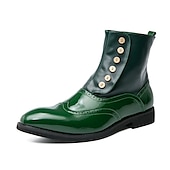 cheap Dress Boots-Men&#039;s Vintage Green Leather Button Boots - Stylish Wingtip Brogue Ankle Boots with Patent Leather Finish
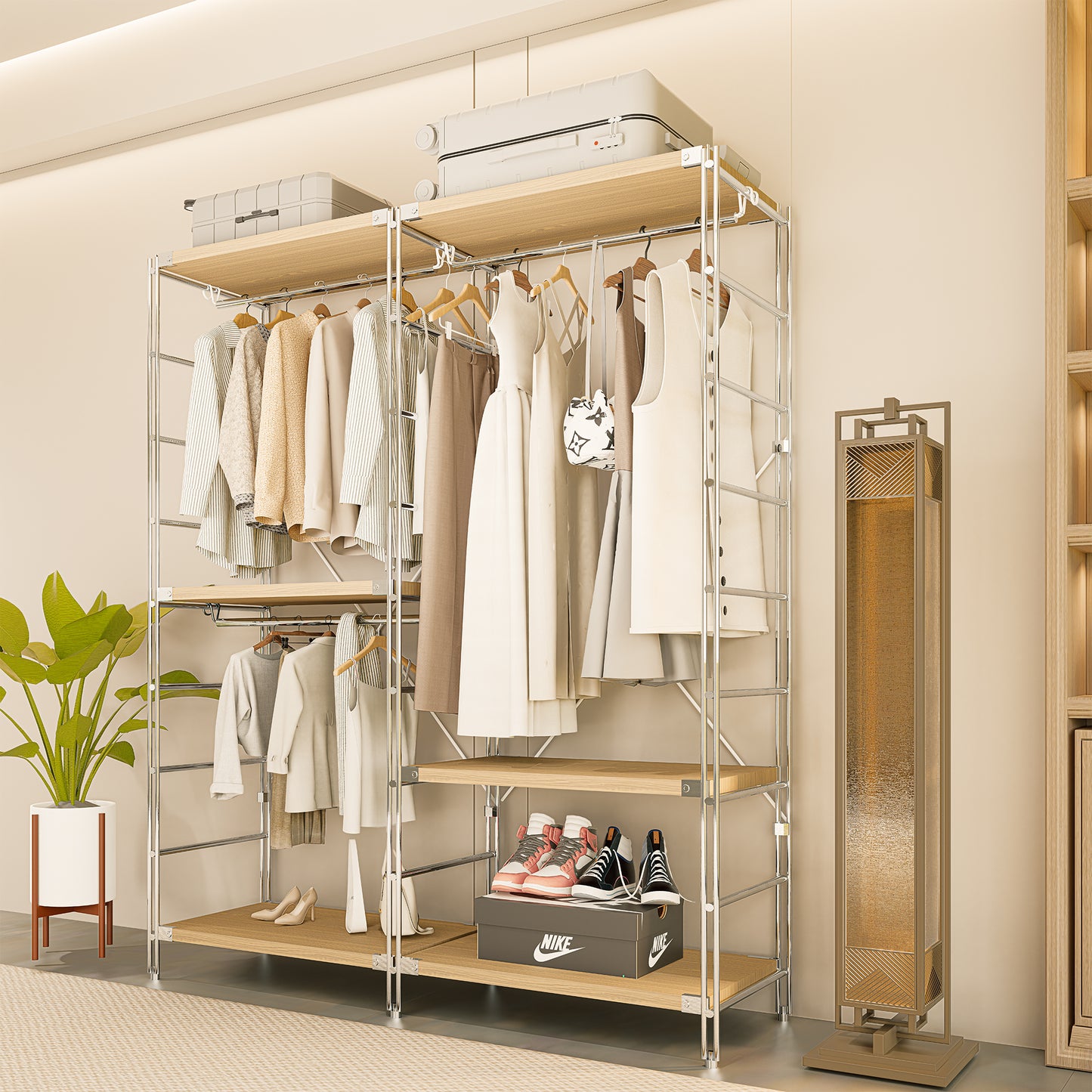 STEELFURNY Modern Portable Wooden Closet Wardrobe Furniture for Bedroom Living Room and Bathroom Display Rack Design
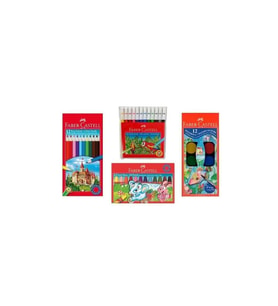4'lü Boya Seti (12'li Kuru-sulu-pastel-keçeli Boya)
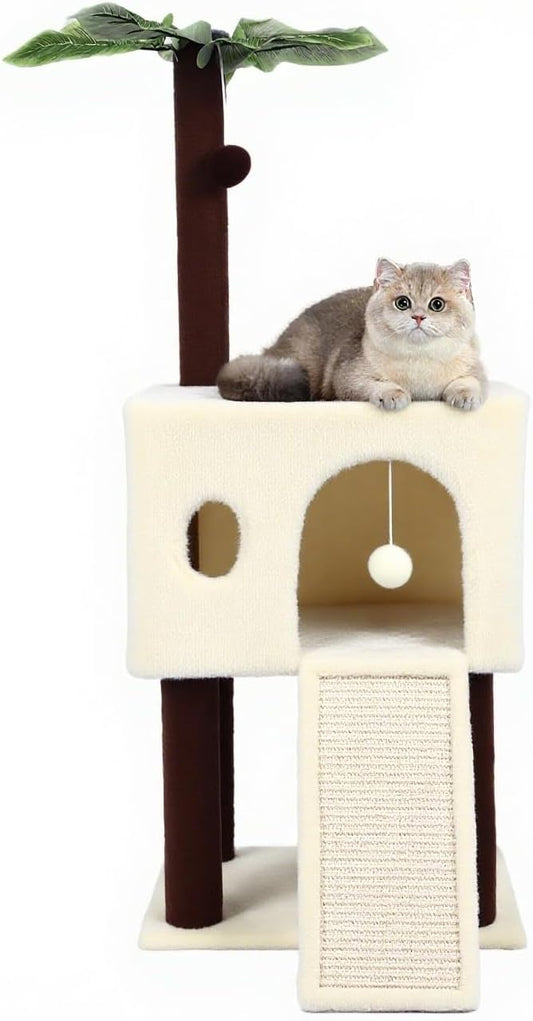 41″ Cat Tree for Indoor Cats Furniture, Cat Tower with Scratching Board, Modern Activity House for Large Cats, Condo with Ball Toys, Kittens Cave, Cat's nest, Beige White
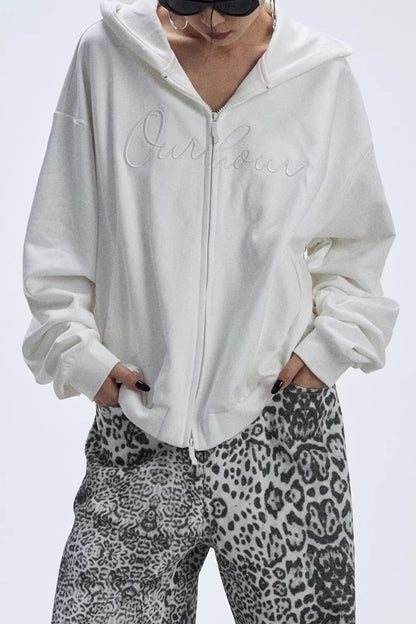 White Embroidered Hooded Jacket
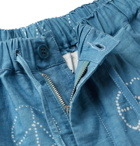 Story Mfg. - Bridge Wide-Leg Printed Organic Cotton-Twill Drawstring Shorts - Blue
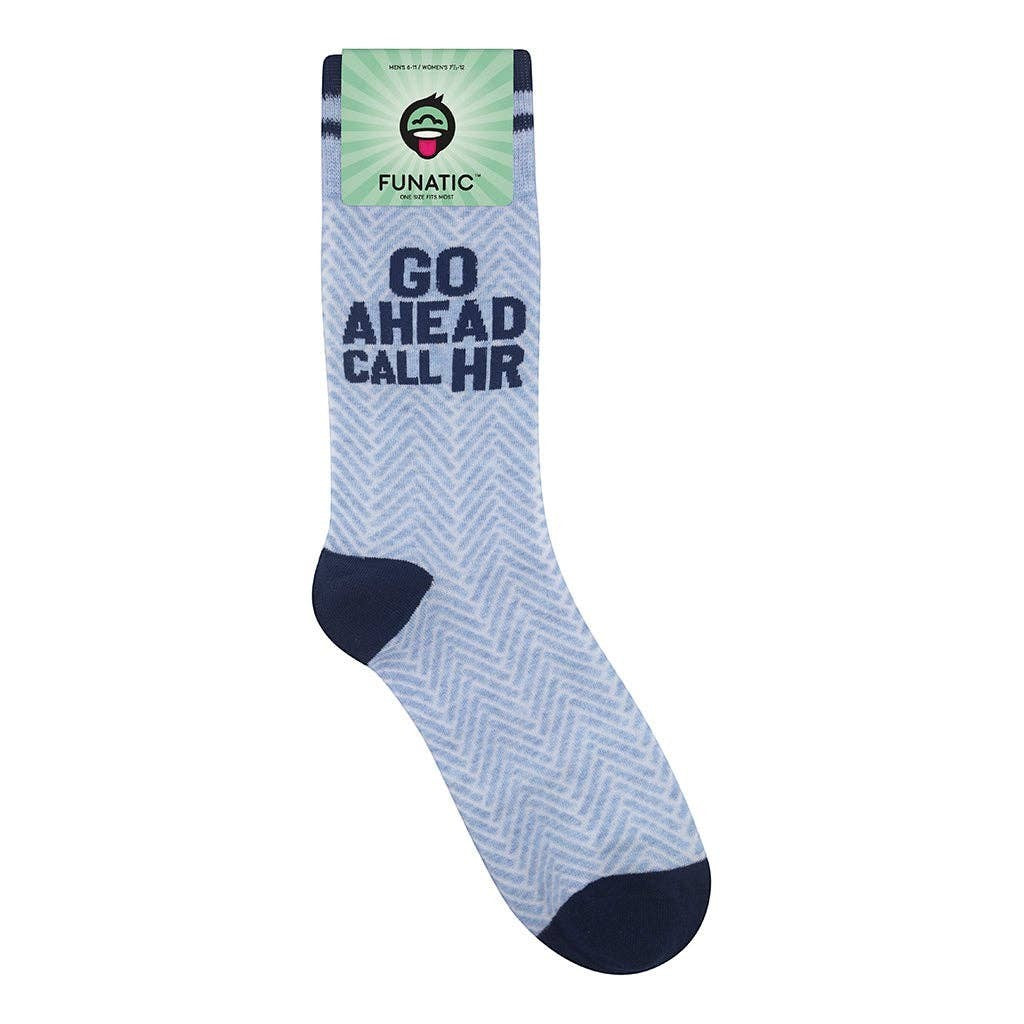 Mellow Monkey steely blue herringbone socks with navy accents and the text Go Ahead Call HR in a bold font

● WHAT IS REQUIRED:
Set down the material above exactly. Skip any picture.

● EXERCISE RESULT:
 cheap Dress Boots-Men&#039;s Vintage Green Leather Button Boots - Stylish Wingtip Brogue Ankle Boots with Patent Leather Finish
 STEELFURNY Modern Portable Wooden Closet Wardrobe Furniture for Bedroom Living Room and Bathroom Display Rack Design
4'lü Boya Seti (12'li Kuru-sulu-pastel-keçeli Boya)
 41″ Cat Tree for Indoor Cats Furniture, Cat Tower with Scratching Board, Modern Activity House for Large Cats, Condo with Ball Toys, Kittens Cave, Cat's nest, Beige White
 White Embroidered Hooded Jacket
 Story Mfg. - Bridge Wide-Leg Printed Organic Cotton-Twill Drawstring Shorts - Blue
 Mellow Monkey steely blue herringbone socks with navy accents and the text Go Ahead Call HR in a bold font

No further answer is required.